While we continue to celebrate the Chicago Cubs landing a significant free agent target, let’s take a quick look at some of the procedural elements of the signing:
- As reported, the deal is six years and $155 million guaranteed, with a vesting option for a seventh year, worth $15 million. The specific breakdown has not yet been reported, nor has the precise nature of that vesting option. It’s possible that it’s a combo vesting-team option (i.e., if it vests, it becomes a player option, if it doesn’t, it’s a team option), and the deal is for $25 million per year with a $5 million buyout on the option (which, perhaps, is actually worth $20 million – thus, because Lester would lose the buyout if he gets the option, it’s effectively a $15 million option).
- As for the annual salaries, I wonder if we’ll see a signing bonus up front – to be on the 2014 books for internal accounting purposes – and then some backloading (because, despite what you may think, backloading always makes financial sense if you’re responsible about it). For luxury tax cap purposes (something that might actually matter to the Cubs during the course of this deal), the AAV right now looks to be $25.83 million. In other words, that’s the amount that the Cubs will have to count toward the luxury tax cap each year of the deal, regardless of how much Lester is actually being paid that year.
- UPDATE, and, yup, significant bonus involved:
Jon Lester's deal with the Cubs includes a signing bonus of at least $20 million.
— Buster Olney (@Buster_ESPN) December 10, 2014
Lester's signing bonus is $30 million, paid over the life of the contract, according to a source familiar with the terms.
— Jayson Stark (@jaysonst) December 10, 2014
Jon Lester's option vests with 200 IP in sixth year or 400 total in the fifth and sixth. Signing bonus $20M upfront, $10M more spread out.
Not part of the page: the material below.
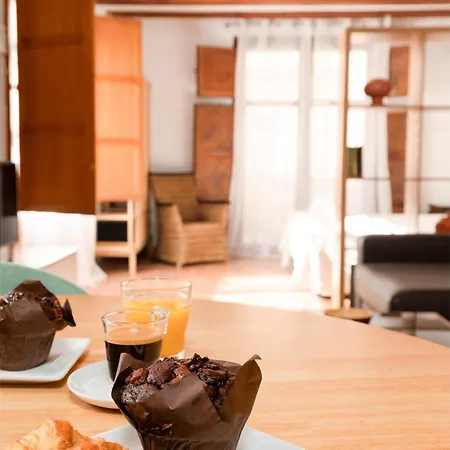 Travel Habitat Plaza Del Pilar. Valensiya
— Jeff Passan (@JeffPassan) December 10, 2014
- (CONTINUING UPDATE): That’s probably going to come in handy for baseball ops down the road in terms of internal accounting. They had extra money to spend in year 2014, and they spent it in year 2014. This matters for somewhat complicated reasons tied to the Cubs’ debt situation, more fully explained here. The TL;DR version is that, right now, the Cubs have some limitations with respect to how much they can spend in a given year relative to revenue. So, by putting that $30 million in the 2014 bucket, they add a little extra flexibility for the coming years. Lester’s probably pretty happy about it, too. (If you’re wondering how a “bonus” can count in 2014, but have portions of it paid out over the life of the contract, as far as I know, it’s just a matter of accounting. Or maybe only $20 million goes in the 2014 bucket. In either case, the point stands.) OK, back to the original post …
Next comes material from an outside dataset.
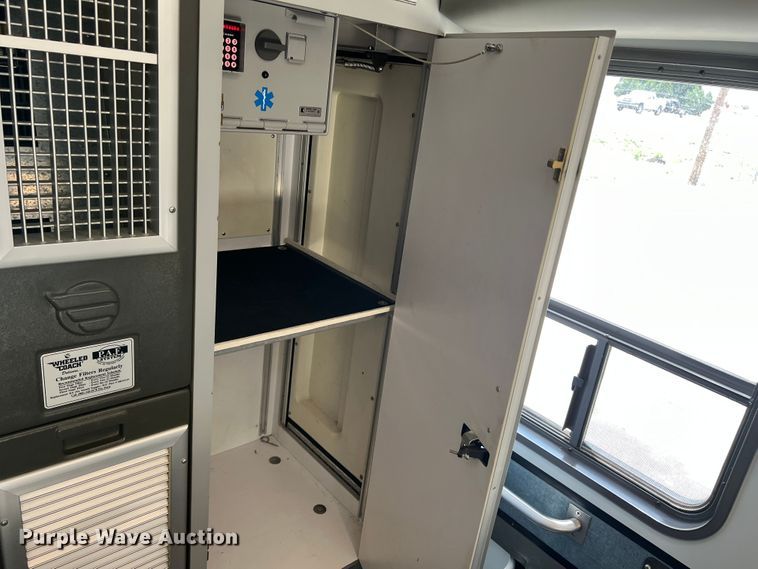 image for item DS8452 2002 Ford F350 Super Duty  ambulance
- (JUST KIDDING, ANOTHER UPDATE): More contractual terms slipped out here. Full no-trade clause is the big one. NOW, back to the original post …
- The Red Sox offer, as reported by a variety of sources, topped out at six years and $135 million, and they were the runners up. That means, as we suspected, they did have the inside track all along (otherwise the Cubs wouldn’t have had to top them by $20 million), but the Cubs overcame that with a little extra money and probably some excellent pitching (not the throwing kind, the ‘Mad Men’ kind). It also means that the Red Sox were comfortable losing out on Lester if they couldn’t get him on a relative bargain deal. They will rightly be excoriated by the local press and fans for failing to offer this kind of deal back in the Spring, when it almost certainly would have locked up Lester. Instead, they offered barely half that amount, and now Lester is a Cub.
- The Giants, on the other hand, were right there with the Cubs, in terms of the financial offer, and they were the team – not the Dodgers – who were willing to add a seventh guaranteed year, according to Jeff Passan. The guarantee, however, would be about $168 million. So, yes, that’s a larger guarantee than the Cubs were offering, but I wouldn’t quite go so far as to say that Lester took a lesser deal to come to the Cubs. It’s close. Would he think he could make more than $13 million after his age 36 season? And the Cubs did put that vesting option in there for more than $13 million. So, that is all to say, the offers were pretty close, with the Giants offer probably being a touch better financially. Then again, the Giants were apparently told they were out before they had a chance to sweeten any further, so it’s clear that, regardless of the money difference, Lester wanted to come to the Cubs (or Red Sox).
- The Cubs’ 40-man roster stands at 38 after the addition of Miguel Montero. That leaves two spots for Lester and Jason Hammel, when their deals are finalized, though the Cubs may wait to do so until after the Rule 5 Draft tomorrow so they’ll have a spot to make a pick if they decide to do so. In any case, there remain a few players who could probably be de-rostered, and it’s not like the Cubs are done making moves this offseason.
- That is a reminder, by the way, that the deal is technically not final, and could still be pending a physical. That rarely impacts a deal, but, it’s one more step to take before this is totally complete.